# About Curtis 1232E Controller's KSI Pin and EM Brake Driver



## major (Apr 4, 2008)

Hi kuc,

54 volts does not sound excessive for a 48V nominal system. I suspect it would not be a problem for the EM brake coil. You should be using the drivers (outputs from the controller) which can be programmed for pull-in and hold voltage levels. 

You should not experience any arcs. You will need to post more details including your wiring diagram and photos for us to help you with that.

Welcome to the forum.

major


----------



## kucuked (Feb 11, 2018)

Hello again,

I solved the arc problem by placing arc supressor. Brakes are working without a problem but when I touch the outside of motor it is really hot around 80C. 

I removed the main contactor and pulled driver pin to KSI voltage. Then tried giving first start, however motor was struggling at current limits and rotating slowly. I swapped the phases but nothing has changed.

I checked programming interface and even if reverse or forward pin is pulled HIGH motor was trying to spin at the same direction.

I attached my wiring diagram, could you please check what is wrong with this my wiring?


----------



## major (Apr 4, 2008)

Why do you use an external PSU 24V? Why did you put 24V to the encoder? 

Where are you?
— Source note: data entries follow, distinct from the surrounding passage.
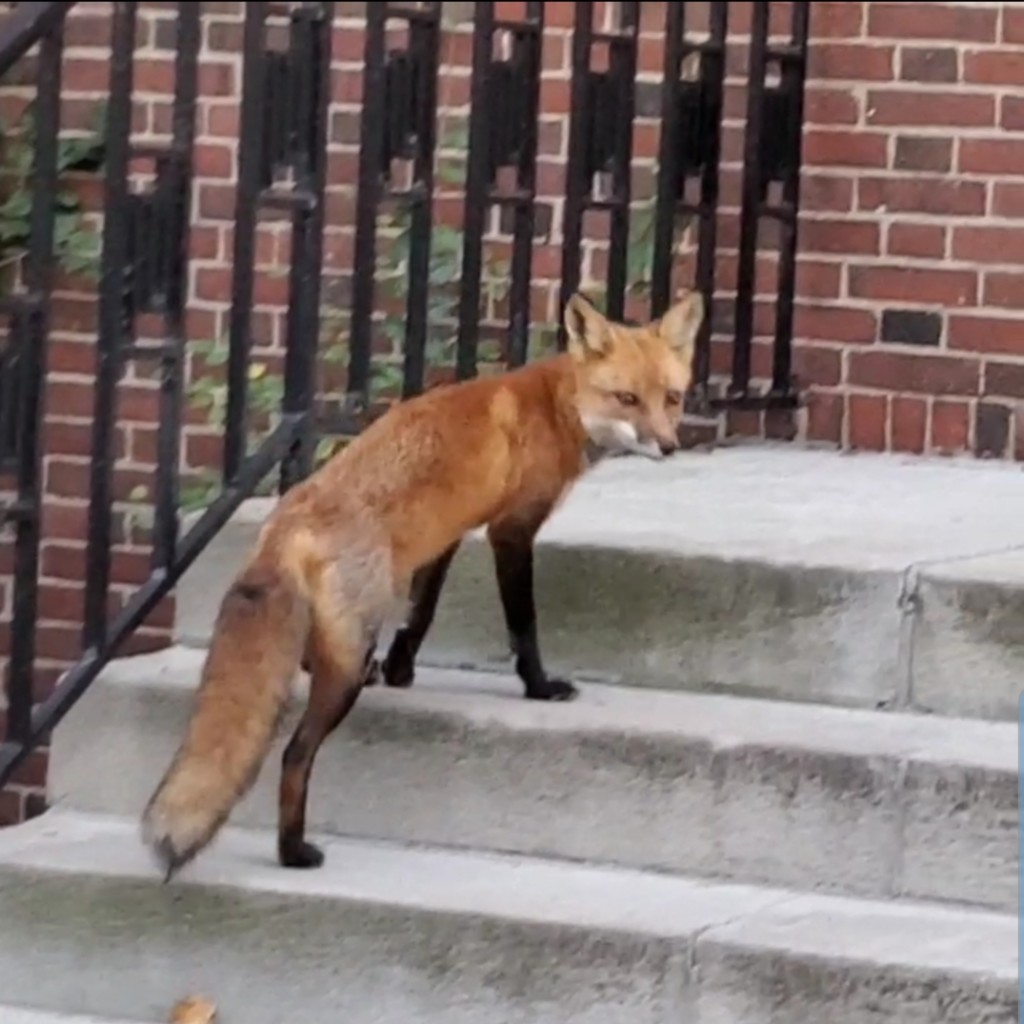 For UR’s two quad foxes, a new year, and a new chapter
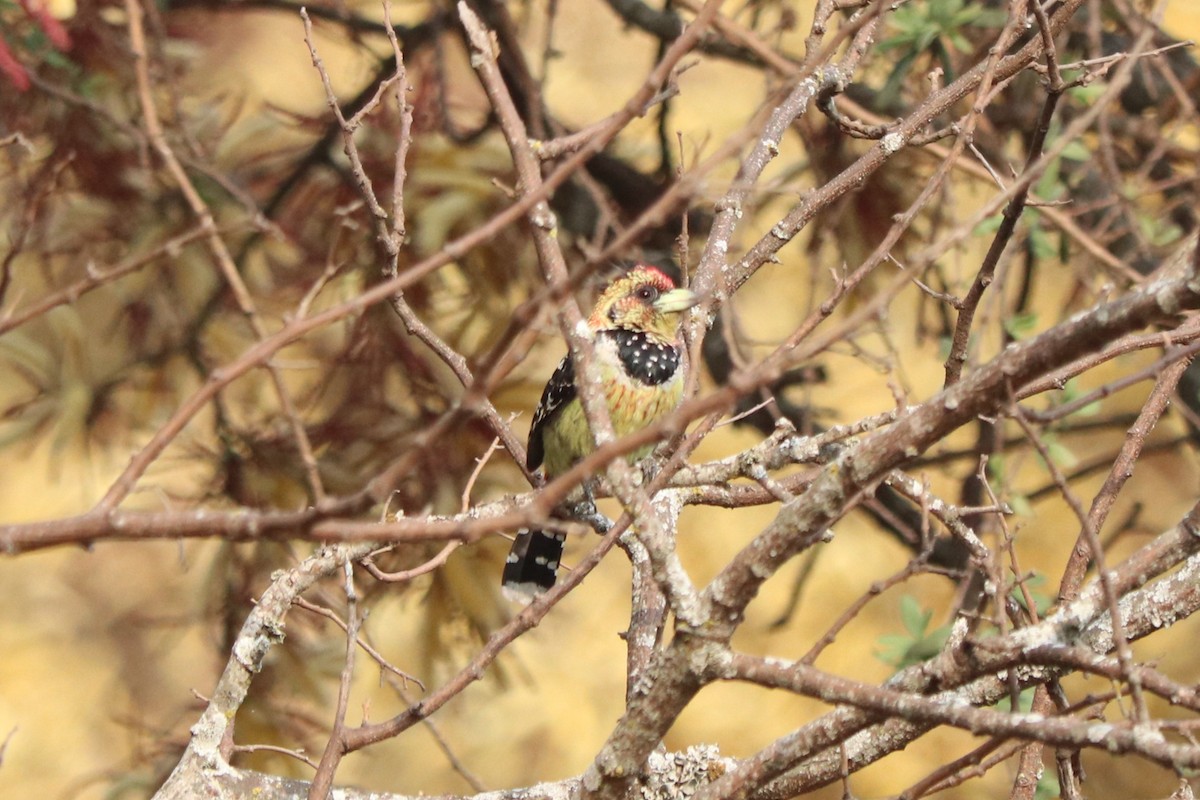 ムナオビオナガゴシキドリ - ML646641327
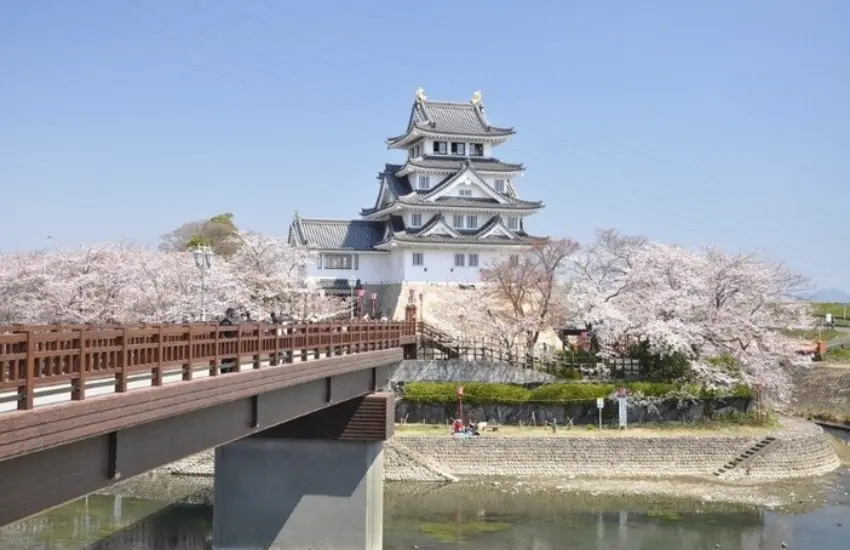 ▲墨俣一夜城周圍的犀川堤防沿線，種滿約800株櫻花，綿延3.7公里形成櫻花隧道。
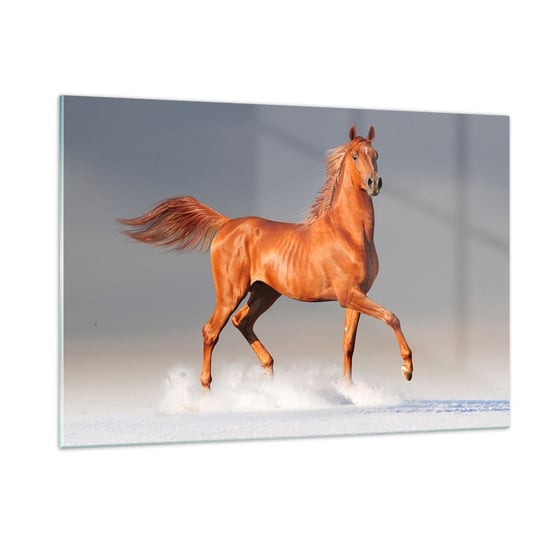 Obraz na szkle - Tańcząca gracja - 120x80cm - Zwierzęta Koń Natura - Nowoczesny szklany obraz na ścianę do salonu do sypialni ARTTOR ARTTOR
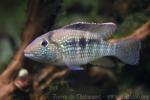 Inca cichlid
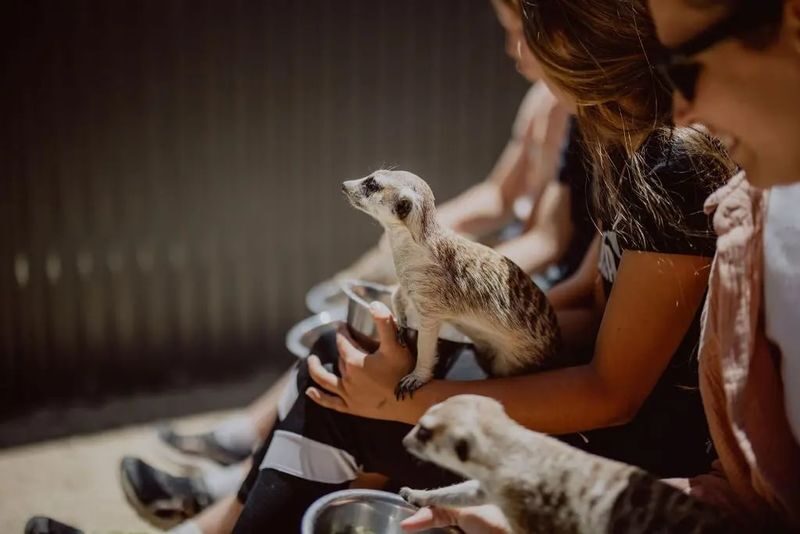 Hunter Valley Wildlife Park Ticket - From kangaroos to giraffes, choose your level of interaction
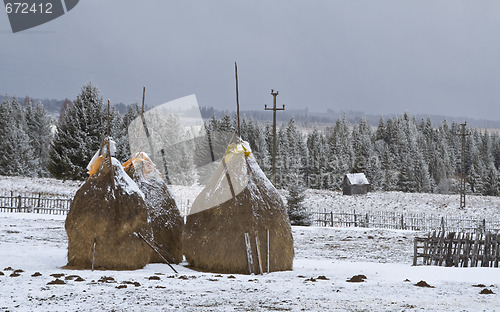 Image of Rural landscape in winter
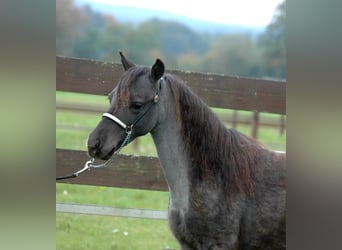 American Miniature Horse, Stallion, 1 year, Roan-Blue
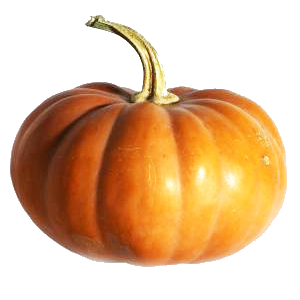 Pumpkin PNG image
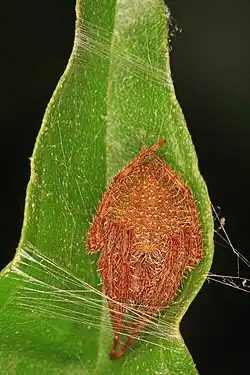 E. ravilla, Florida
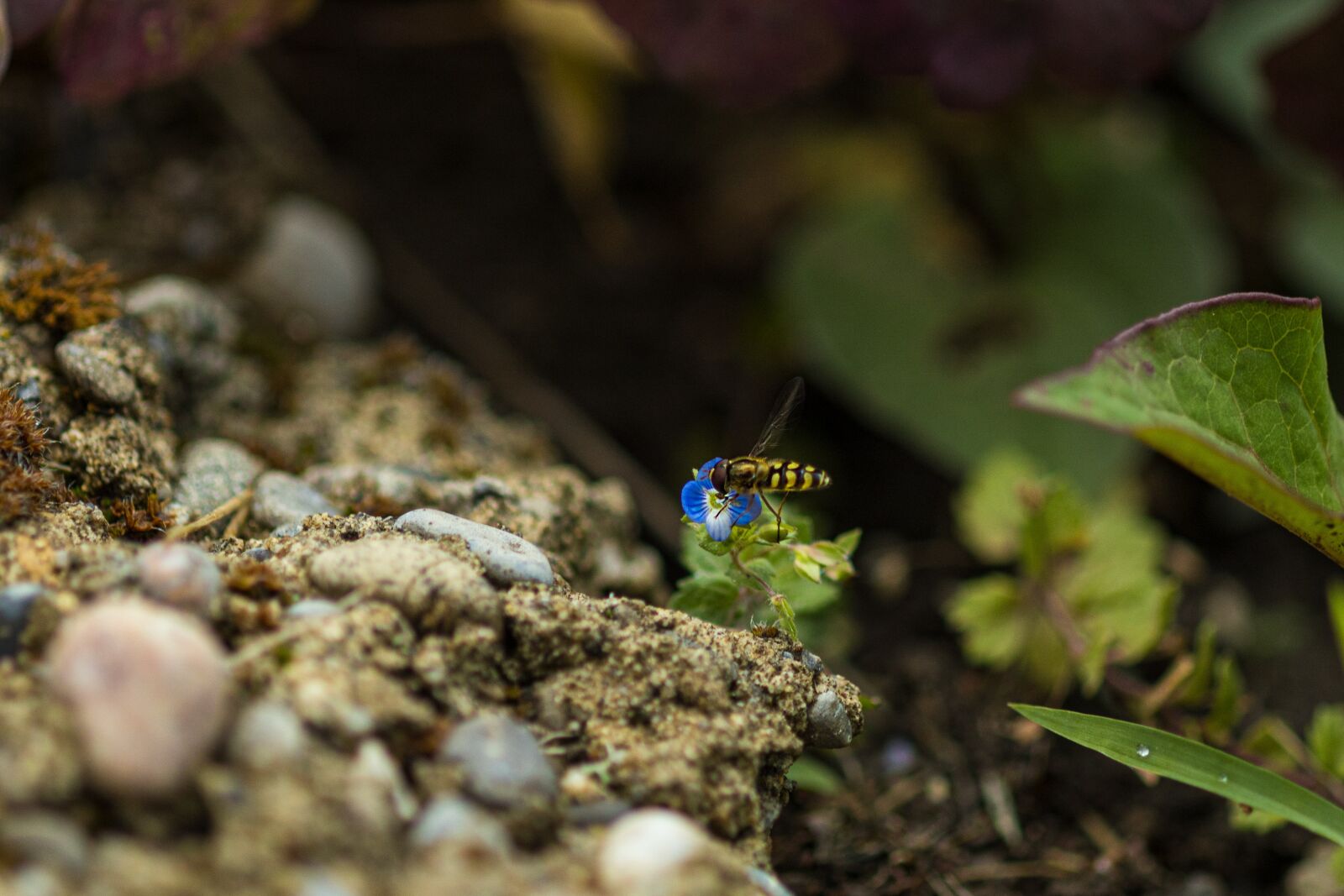 Canon EOS R sample photo. Hoverfly, syrphidae, insect photography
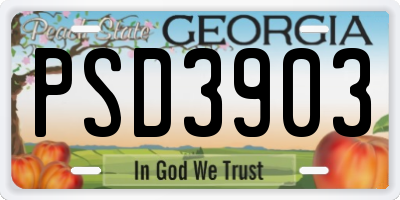 GA license plate PSD3903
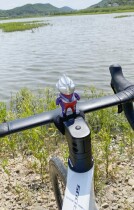 Pig Unraking the Wind Fat DiCarthattman FIRM ROAD MOUNTAIN BIKE DECORATION DOLL HEAD DECOR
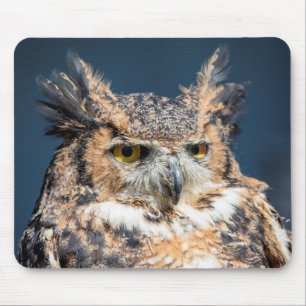 Great Horned Owl Portrait Mouse Pad
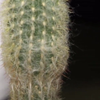 Man v cactus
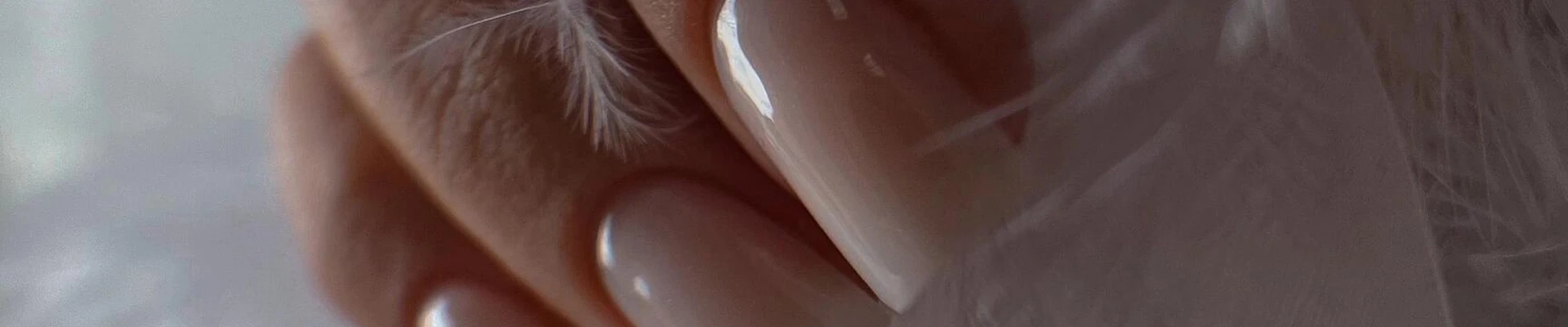 Mindal в Выборге Ленинградская область, Выборг, улица Димитрова, 4, 20 офис; 4 этаж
Please go to use CP and fill in your location. Also, can you lean on the dealer from whom you purchased the drives for technical assistance?

Photos of your system would help us visualize what's going on. Also, are you working from the manual? A link to the manual or wiring instructions you're using will help.

major


----------



## kucuked (Feb 11, 2018)

major said:


> Why do you use an external PSU 24V? Why did you put 24V to the encoder?


I just wanted to simulate what would happened if I control switches using directly PLC outputs.
Encoder supply voltage range was 9V to 30V.



major said:


> Where are you? Please go to use CP and fill in your location. Also, can you lean on the dealer from whom you purchased the drives for technical assistance?


I updated my location, asked to dealer no response was given so I decided to consult the experts in this forum.



major said:


> Photos of your system would help us visualize what's going on. Also, are you working from the manual? A link to the manual or wiring instructions you're using will help.


I attached manual I use if you can check I would appreciate.

Thank you.


----------



## major (Apr 4, 2008)

kucuked said:


> I just wanted to simulate what would happened if I control switches using directly PLC outputs.
> ...


Hello kuc,

I will have to bow out. I have no experience with this method. I suspect it will not work and it is possible you have damaged the controller by applying 24V to pins intended as outputs and such. I strongly recommend that you wire it exactly per the manual. The attachment appears correct.

Good luck.

major


----------